- What you need to do
In this exercise, return only the lines that run from the line with "Slender young woman" to the end of the entries below, both included. Pictures are not copied.

** Records shown follows **

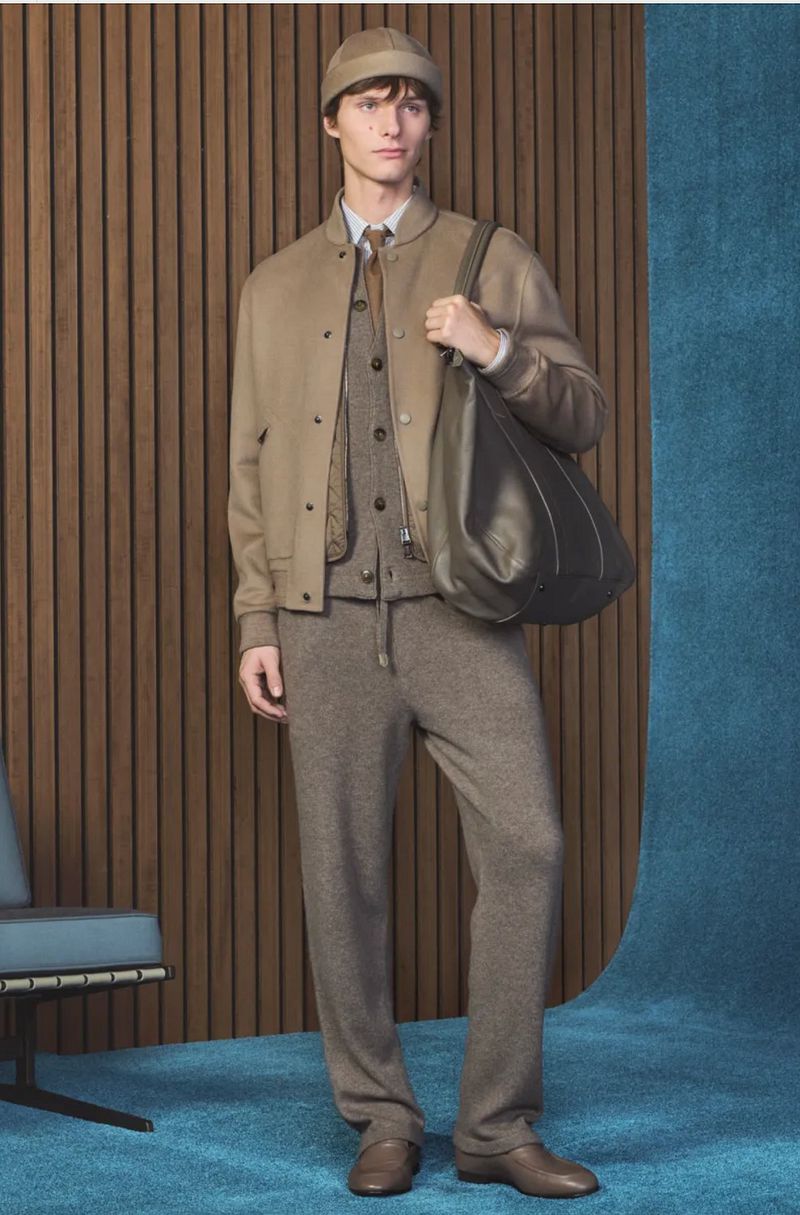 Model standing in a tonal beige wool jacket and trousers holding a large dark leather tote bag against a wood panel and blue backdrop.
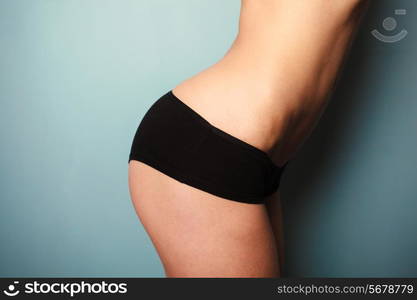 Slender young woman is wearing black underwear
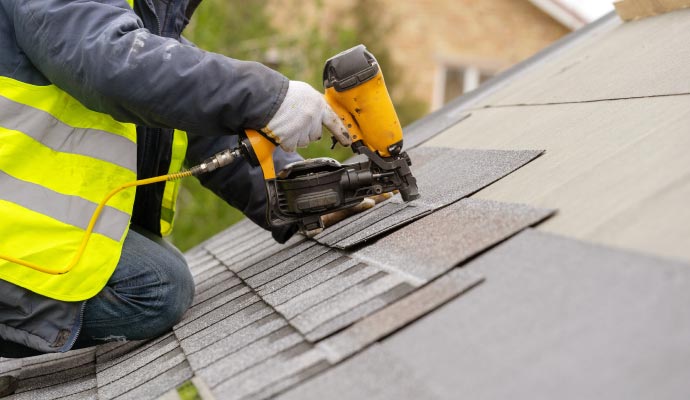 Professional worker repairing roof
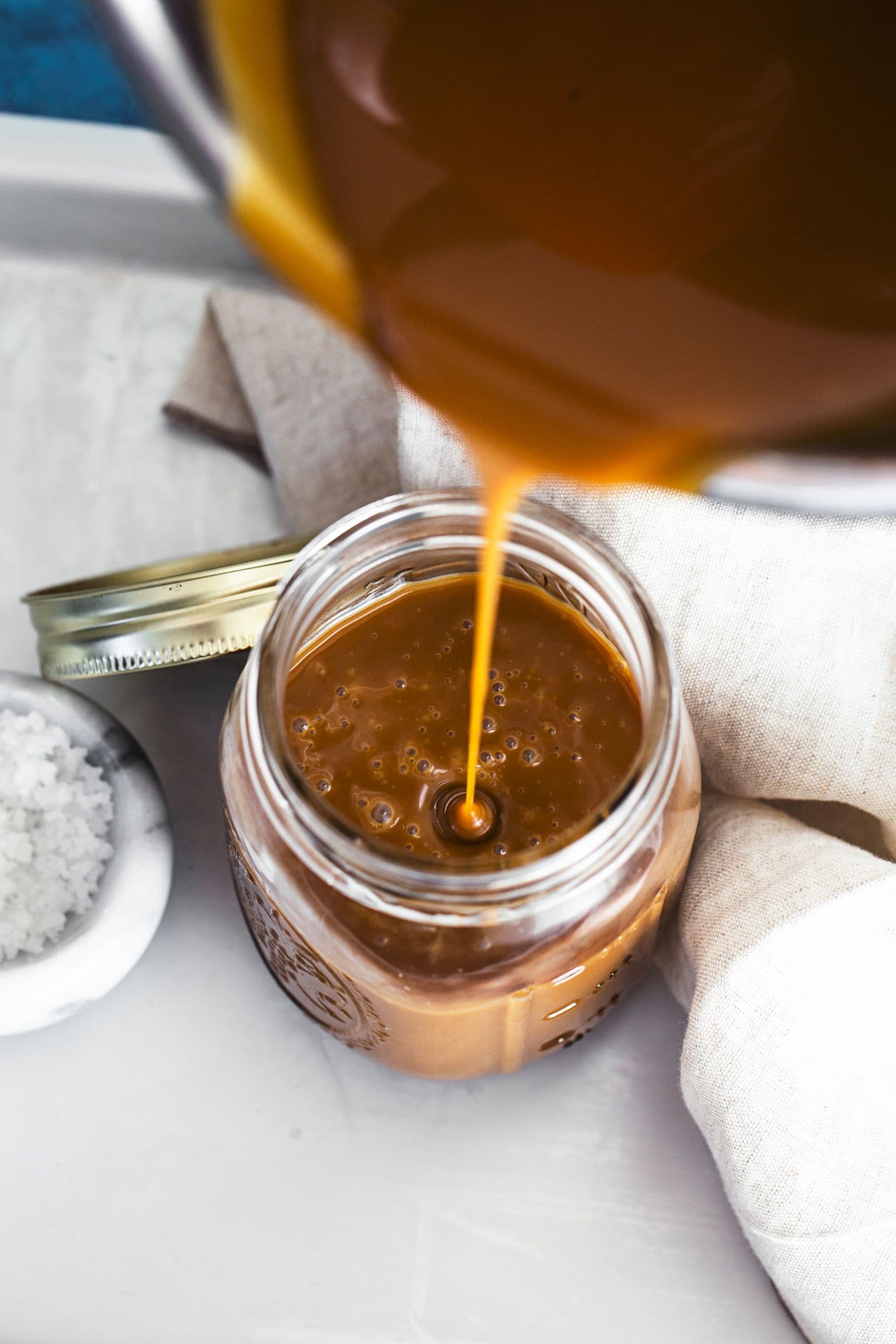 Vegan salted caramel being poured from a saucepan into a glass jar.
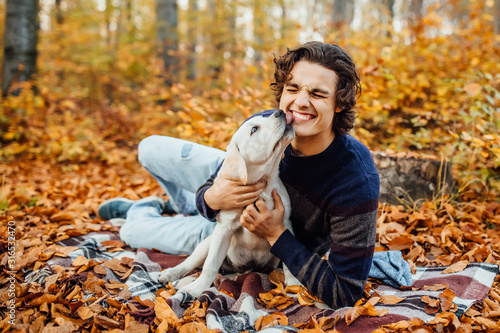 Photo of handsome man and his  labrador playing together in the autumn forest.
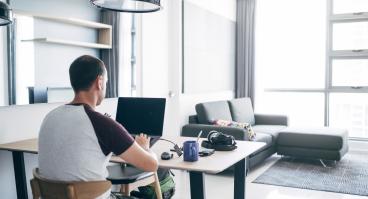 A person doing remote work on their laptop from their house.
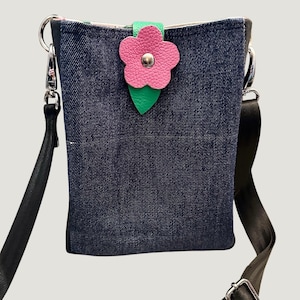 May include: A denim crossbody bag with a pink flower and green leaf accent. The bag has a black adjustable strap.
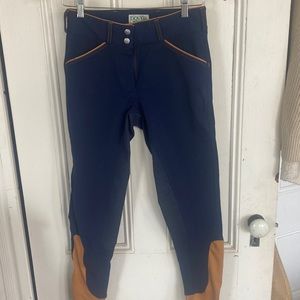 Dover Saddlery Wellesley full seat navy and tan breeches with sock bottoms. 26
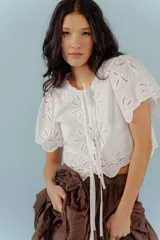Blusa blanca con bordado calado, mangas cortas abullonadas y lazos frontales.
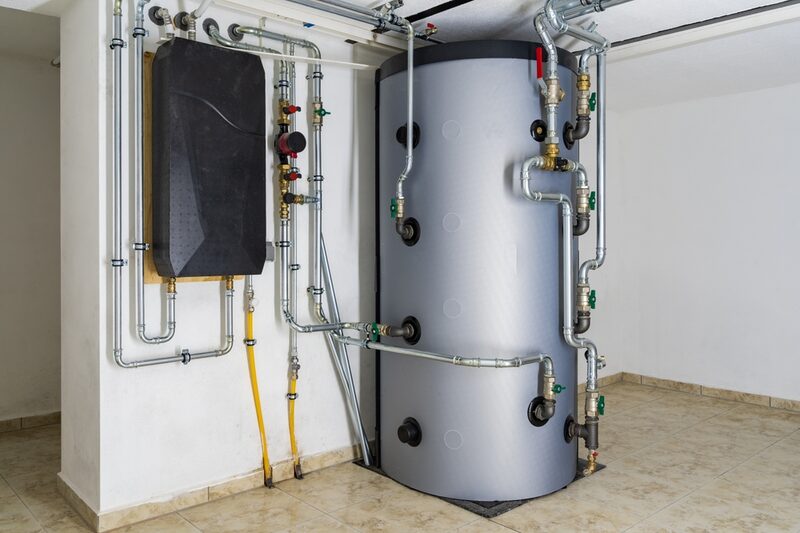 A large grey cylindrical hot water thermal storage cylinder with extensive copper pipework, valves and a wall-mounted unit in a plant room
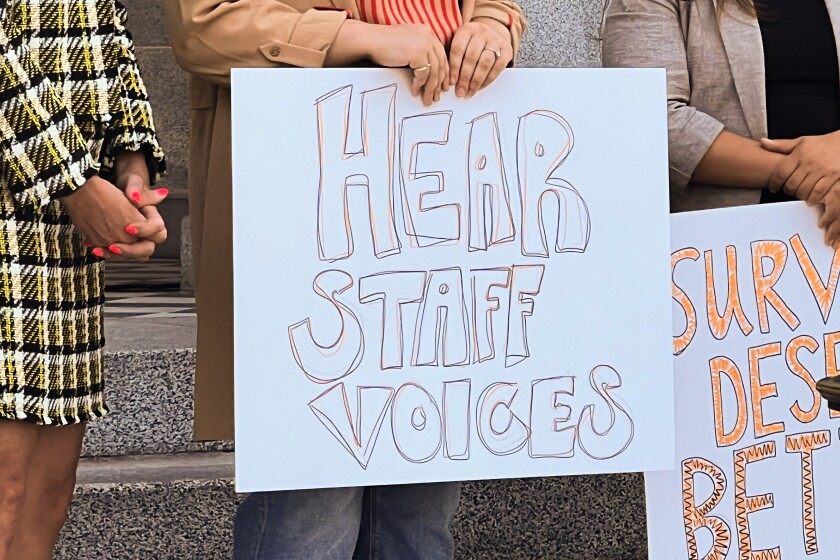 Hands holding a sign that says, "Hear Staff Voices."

** End of Records shown **

- Your solution
 Slender young woman is wearing black underwear
 Professional worker repairing roof
 Vegan salted caramel being poured from a saucepan into a glass jar.
 Photo of handsome man and his  labrador playing together in the autumn forest.
 A person doing remote work on their laptop from their house.
 May include: A denim crossbody bag with a pink flower and green leaf accent. The bag has a black adjustable strap.
 Dover Saddlery Wellesley full seat navy and tan breeches with sock bottoms. 26
Blusa blanca con bordado calado, mangas cortas abullonadas y lazos frontales.
 A large grey cylindrical hot water thermal storage cylinder with extensive copper pipework, valves and a wall-mounted unit in a plant room
 Hands holding a sign that says, "Hear Staff Voices."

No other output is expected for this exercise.